Akibat mencontek, kreativitas siswa menjadi terhambat. Padahal
kreativitas sangat diperlukan dalam dunia pendidikan. Kreativitas para
siswa yang tinggi, bisa membangun jati diri mereka sendiri bahkan
mengharumkan nama bangsa dan negara. Tanpa kreativitas, membangun negara
yang cerdas adalah mustahil.
Kemandirian siswa juga diperlukan dalam hidup berbangsa dan
bernegara. Jika para siswa masih belum menyadari kebiasaannya untuk
tidak mencontek, mungkin akan sulit untuk mengubahnya. Sehingga hanya
bergantung pada orang lain ataupun alat-alat yang berperan dalam
aktivitas mencontek.
Tentu saja kecerdasan otak siswa tidak berkembang. Otak perlu diasah
agar dapat bekerja dengan baik. Mencontek tidak ada manfaat apa-apa
untuk kecerdasan otak. Tanpa mencontek, kita bisa melatih dan mengasah
otak dengan hal-hal yang berguna.
Menurut Poedjinoegroho (2006), dampak yang timbul dari praktik
mencontek yang secara terus-menerus dilakukan akan mengakibatkan
ketidakjujuran.

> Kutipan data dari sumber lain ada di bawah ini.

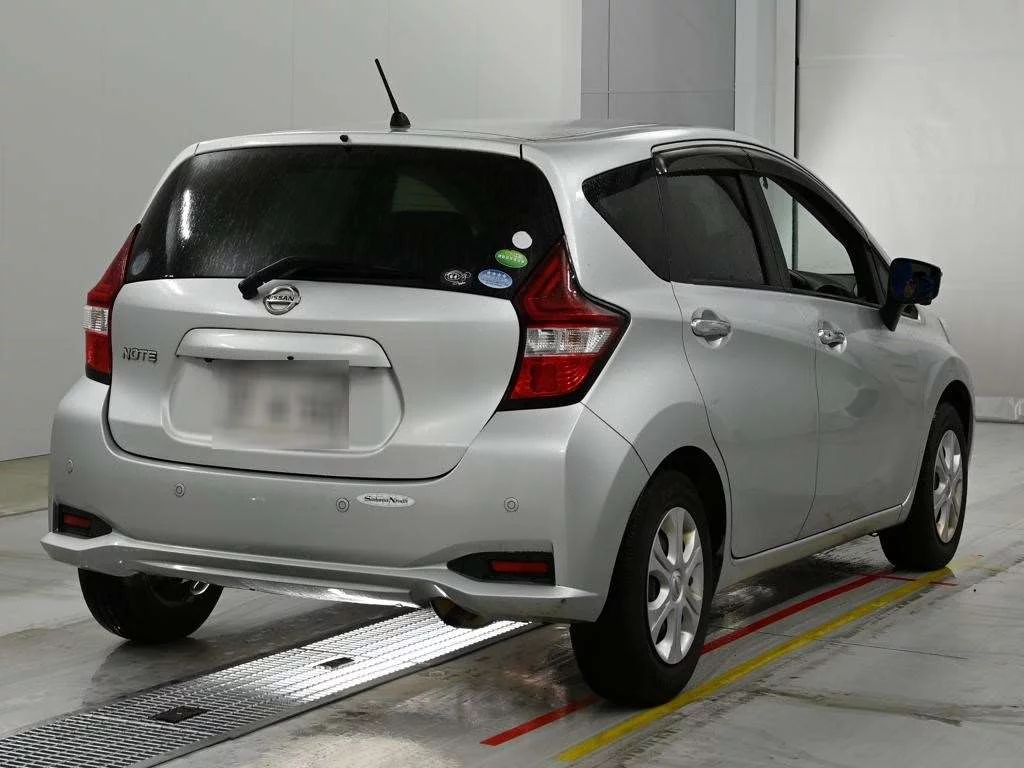 Nissan Note  с аукциона в Японии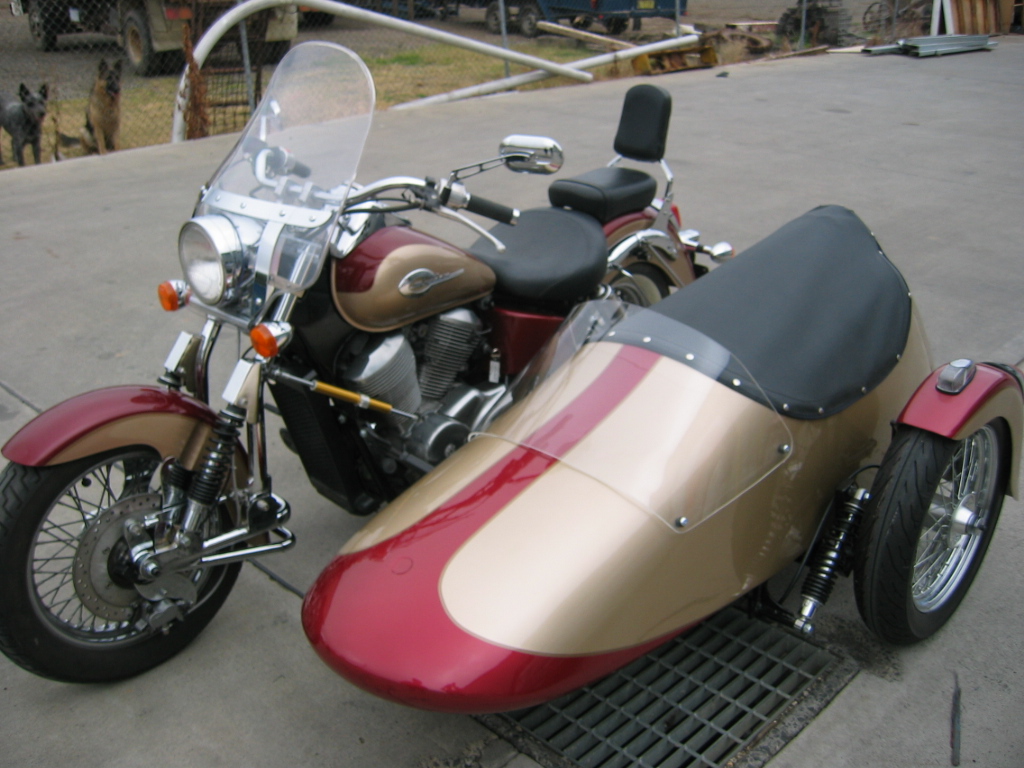 twin_g_front_l.jpg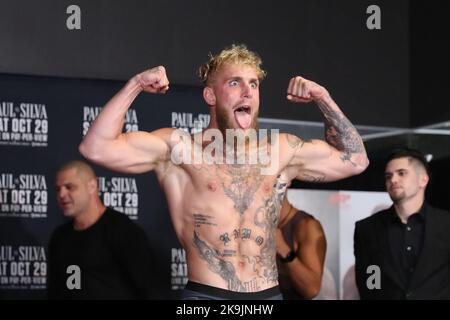 GLENDALE, AZ - 28 OTTOBRE: Boxer Jake Paul scala durante l'evento ufficiale Weigh-Ins per Jake Paul vs Anderson Silva Showtime PPV all'Arena Desert Diamond il 28 ottobre 2022 a Glendale, AZ, Stati Uniti.(Photo by Alejandro Salazar/PxImages) Credit: PX Images/Alamy Live News Foto Stock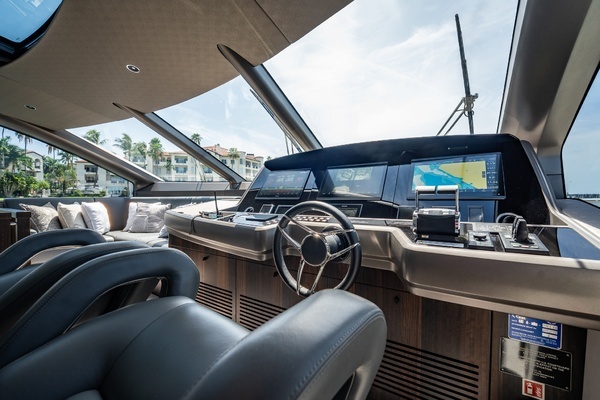 2025 Sunseeker 76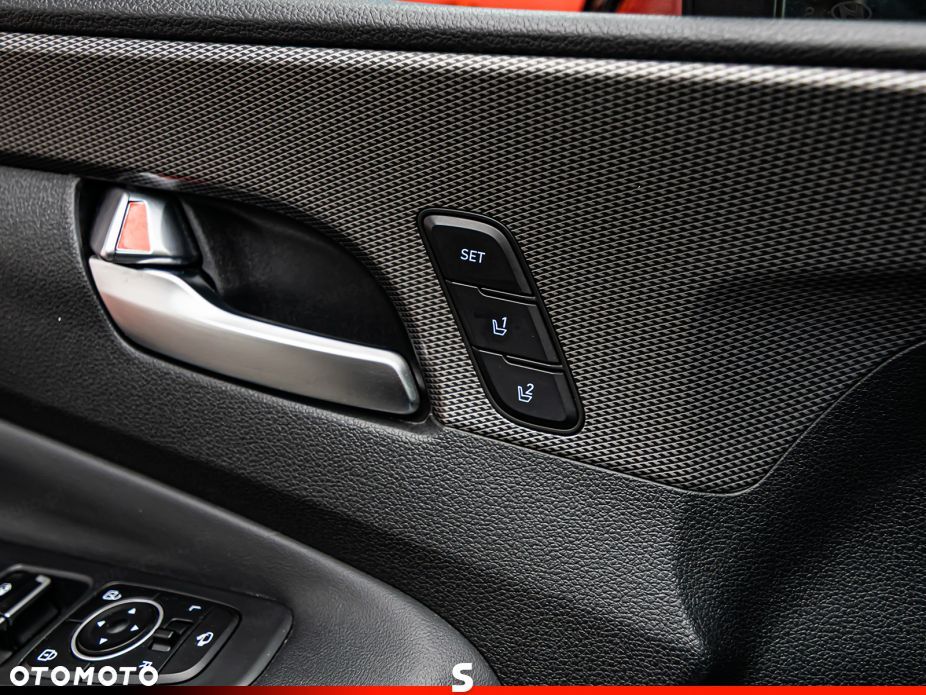 Hyundai Santa Fe - 8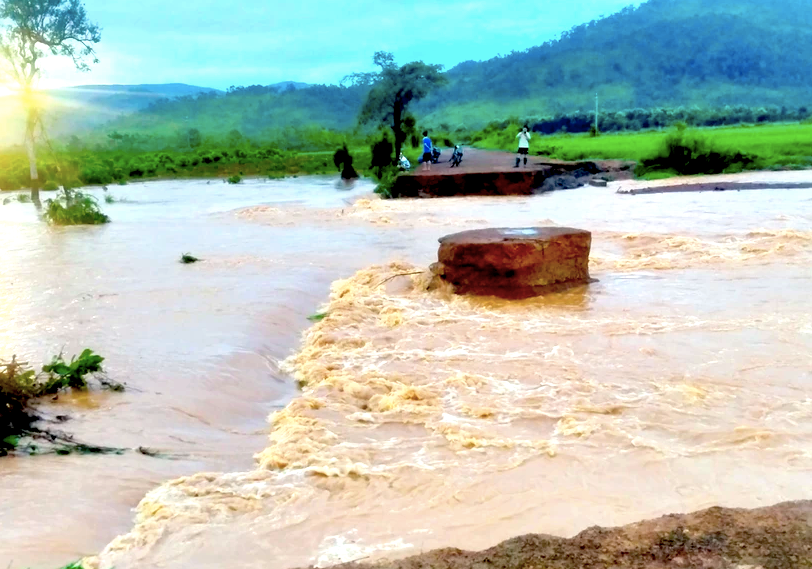 4 công dân bị mắc kẹt do nước lũ tại làng Sâm 4 công dân bị mắc kẹt do nước lũ tại làng Sâm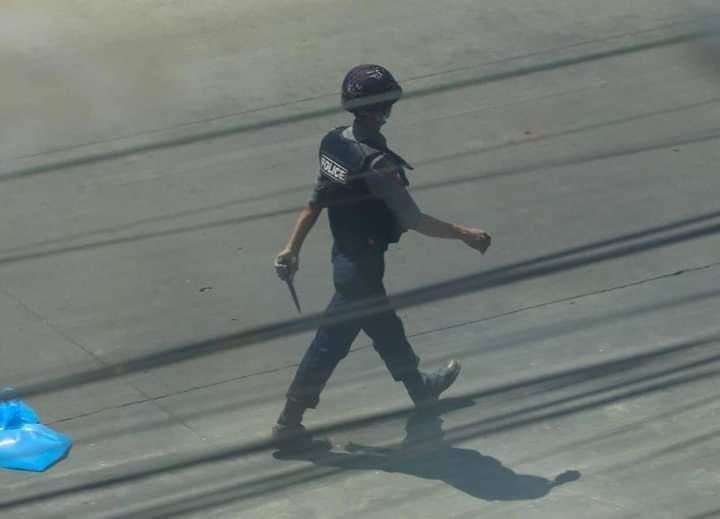 KhinPyaePyaeKy4's tweet photo. March 7 today, the soldiers and polices whose come to north oakkalar to break the protester group are bringing along the sharper knifes.🔪 #WhatsHappeningInMyanmar #Myanmar_wants_Democracy #RejectMilitaryCoup https://t.co/QcM1IBWQ6y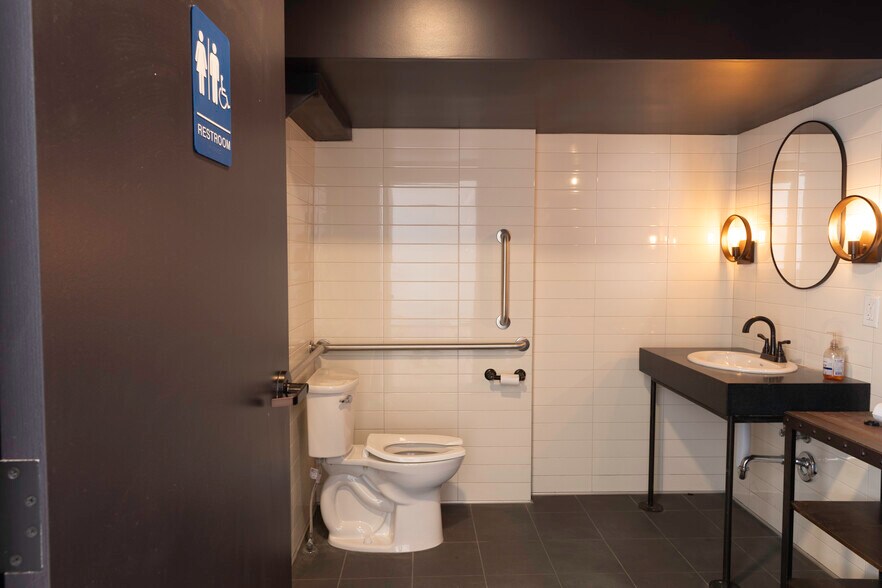 More Photos Of 246-248 S Broadway, Denver Storefront Retail Residential For Sale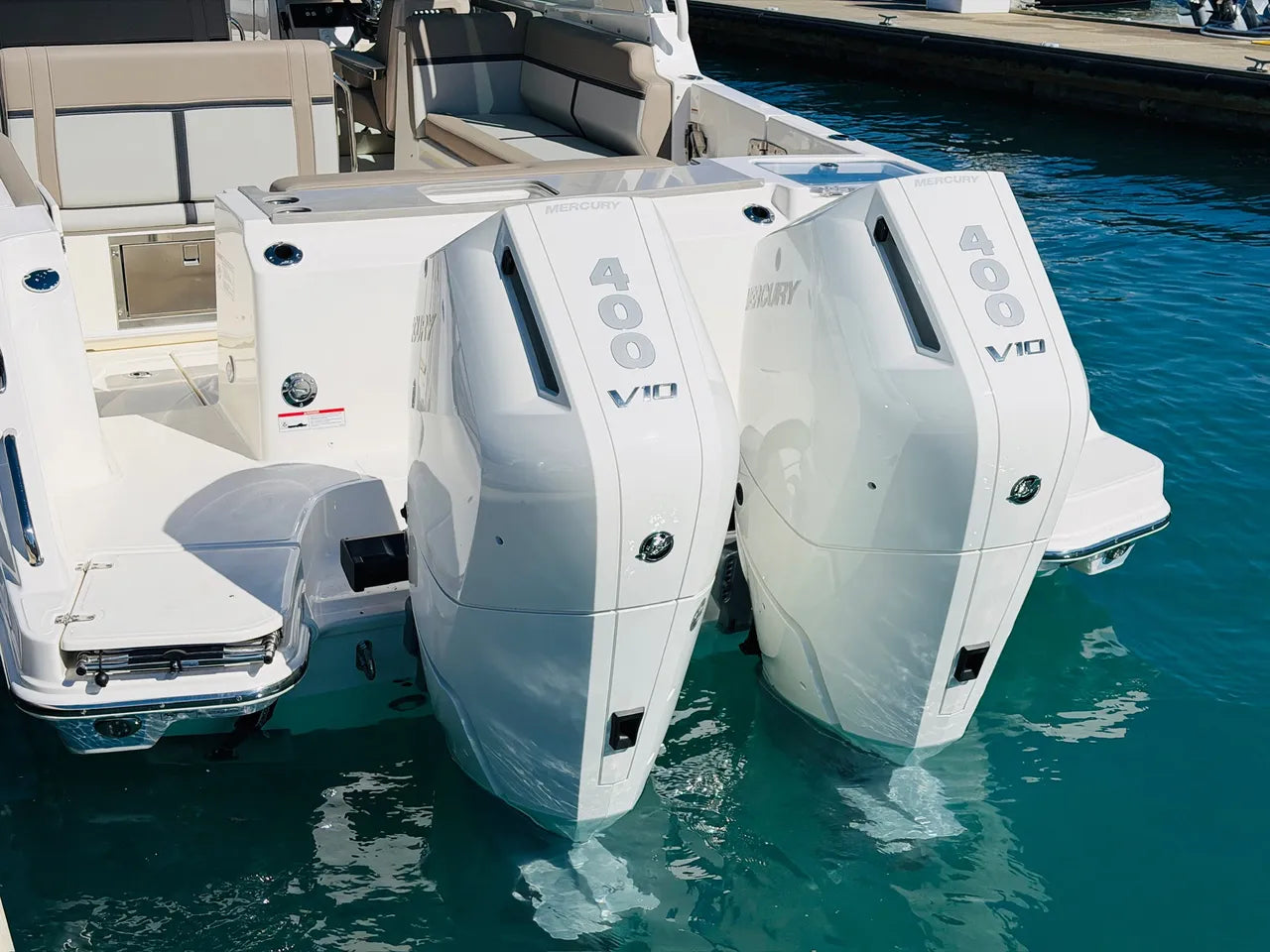 2026 Boston Whaler 330 Vantage 33.0 feet, Clearwater, Florida #31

Jika tidak dihilangkan, niscaya akan muncul malapetaka:
peserta didik akan menanam kebiasaan berbuat tidak jujur, yang pada
saatnya nanti akan menjadi kandidat koruptor.
Menurut Vegawati, Oki dan Noviani (2004), pada saat dorongan tingkah
laku mencontek muncul, terjadilah proses atensi, yaitu muncul
ketertarikan terhadap dorongan karena adanya harapan mengenai hasil yang
akan dicapai jika ia mencontek. Pada proses retensi, faktor-faktor yang
memberikan atensi terhadap stimulus perilaku mencontek itu menjadi
sebuah informasi baru atau digunakan untuk mengingat kembali pengetahuan
maupun pengalaman mengenai perilaku mencontek, baik secara maya
(imaginary) maupun nyata (visual).
Jika masalah mencontek ini masih dianggap sepele oleh semua orang,
tidak ada respons dan tanggapan dari guru, kepala sekolah, pengawas,
dinas pendidikan, para pakar pendidikan, dan pengambil kebijakan dalam
bidang pendidikan, penulis pesimis dunia pendidikan tidak akan maju dan
mungkin orang-orang yang tidak jujur akan bekerja di semua sektor
kehidupan.
Karena adanya kesempatan, aktivitas mencontek menjadi leluasa untuk
dilakukan. Pengawasan guru yang renggang menjadi lebih mudah dalam
melakukan “usaha” mereka. Siswa memiliki motto sendiri, “posisi
menentukan prestasi”. Tempat duduk yang kurang diawasi adalah kesempatan
yang diinginkan oleh siswa. Sehingga mencontek pun dengan mudah
dilakukan tanpa adanya risiko.
Mencontek dapat dihilangkan dengan kesadaran siswa sendiri. Dengan
memandang ke depan dan memikirkan risiko apa yang akan mereka dapat.
Nasihat-nasihat dari guru atau fasilitator perlu diberikan kepada
murid-muridnya. Kakak-kakak kelas yang menjadi panutan pun harus
menyadari risiko dari mencontek.
Berkreasi akan menyenangkan apabila dilakukan secara mandiri dan atas
pemikiran kita sendiri. Dengan tidak mencontek, kita bisa mengukur
seberapa kemampuan yang dimiliki, sehingga bisa ditingkatkan melalui
proses yang mungkin tidak mudah. Usaha melalui proses yang kita lakukan
pasti akan membuahkan hasil yang membanggakan dari pada usaha instan
yang dilakukan tanpa adanya proses dari diri kita sendiri.